• **What this task involves**
The response should be an exact copy of every record.

▬▬▬▬▬▬▬▬▬▬

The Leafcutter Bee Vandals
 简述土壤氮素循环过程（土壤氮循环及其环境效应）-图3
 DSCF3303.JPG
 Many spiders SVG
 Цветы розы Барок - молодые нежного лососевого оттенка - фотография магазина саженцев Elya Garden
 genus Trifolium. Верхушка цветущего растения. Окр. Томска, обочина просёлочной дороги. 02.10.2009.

▬▬▬▬▬▬▬▬▬▬

• **Task output**
The Leafcutter Bee Vandals
 简述土壤氮素循环过程（土壤氮循环及其环境效应）-图3
 DSCF3303.JPG
 Many spiders SVG
 Цветы розы Барок - молодые нежного лососевого оттенка - фотография магазина саженцев Elya Garden
 genus Trifolium. Верхушка цветущего растения. Окр. Томска, обочина просёлочной дороги. 02.10.2009.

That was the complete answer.